L’ISIS e le centrali nucleari in Belgio
Negli ultimi giorni si è tornati a parlare di un interessamento dello Stato Islamico verso il materiale nucleare in Belgio: ma al momento non sembrano esserci rischi concreti
Dopo gli attentati di Bruxelles, la stampa internazionale è tornata a parlare del pericolo che lo Stato Islamico possa colpire in qualche modo le centrali nucleari belghe e altri siti del Belgio che custodiscono materiale nucleare. Il tema non è nuovo e solo pochi giorni prima degli attentati era emersa una delle prime prove concrete di un interessamento dello Stato Islamico verso gli impianti nucleari belgi: il 18 marzo la polizia aveva detto di avere trovato nella casa di Mohammed Bakkali, arrestato nel corso delle indagini sugli attacchi di Parigi, un filmato girato di nascosto in cui era ripreso un funzionario belga del dipartimento che si occupa di energia nucleare. Oggi su diversi siti di news è stata ripresa la notizia dell’uccisione di una guardia di sicurezza che lavorava in un impianto nucleare, due giorni dopo gli attentati di Bruxelles: le autorità hanno comunque smentito che l’episodio sia legato al terrorismo e hanno smentito che all’uomo fosse stato rubato il badge, come scritto da alcuni giornali.

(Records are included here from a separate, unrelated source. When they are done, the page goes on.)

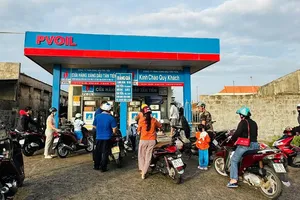 Các cây xăng tại đặc khu Phú Quý (tỉnh Lâm Đồng) tạm thời hết xăng. Ảnh: NDCC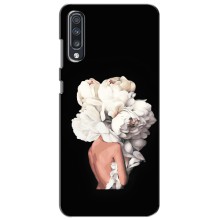 Чехлы (ART) Цветы на Samsung Galaxy A70 2019 (A705F) (VPrint) (Белые цветы)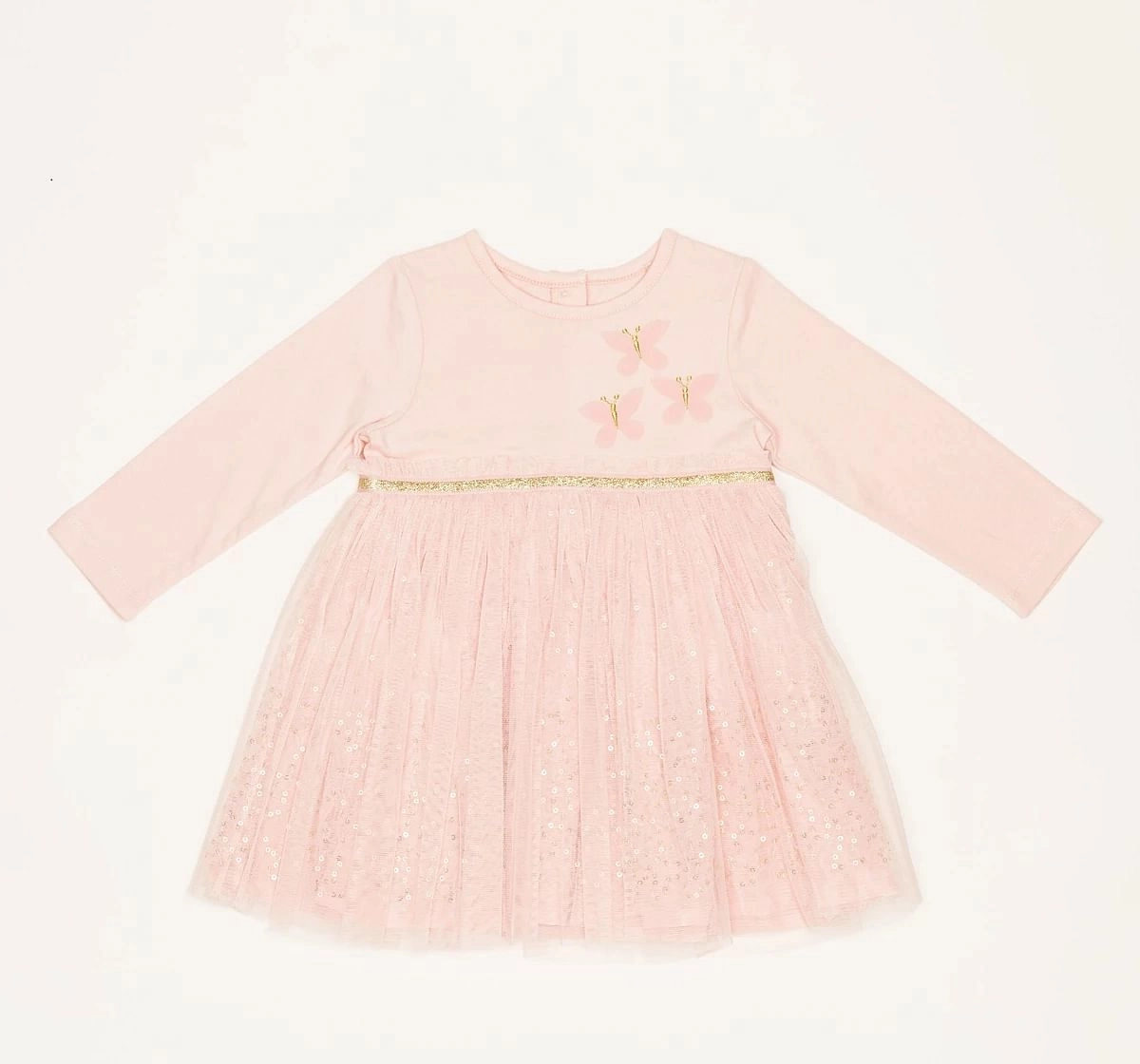 H by Hamleys Girls Full Sleeve Party Dress Sequin Pink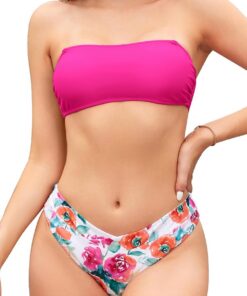 SHEKINI Bikini Set Damen Verstellbar Bandeau Bikini Oberteil Rückenfrei Zweiteiliger Badeanzug Bedruckte Bikinihose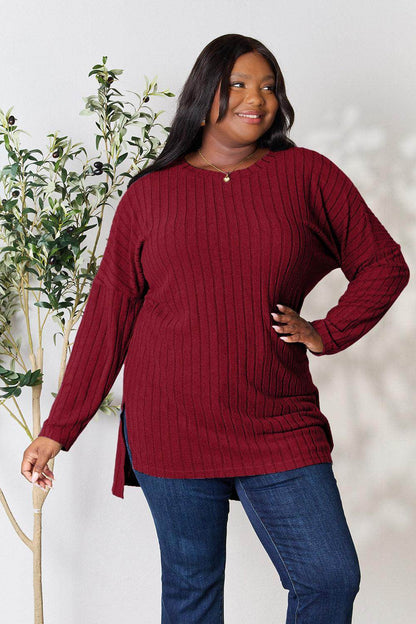 Basic Bae Full Size Ribbed Round Neck Long Sleeve Slit Top - Selvanelle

Secondo la polizia, il filmato è stato realizzato con una telecamera nascosta davanti all’abitazione del funzionario. La telecamera sarebbe stata sistemata e poi recuperata da Khalid e Ibrahim el Bakraoui, i due fratelli che si sono fatti esplodere negli attentati di Bruxelles (uno all’aeroporto e uno nella metropolitana). La loro intenzione sembra fosse quella di rapire il funzionario e costringerlo a portare fuori del materiale nucleare dal laboratorio nel quale lavorava. Si tratta di un piano che probabilmente sarebbe fallito, visto che non è facile portare all’esterno di un sito nucleare materiale radioattivo estremamente pericoloso che in molti casi è in grado di uccidere un essere umano in pochi secondi se non viene adeguatamente schermato.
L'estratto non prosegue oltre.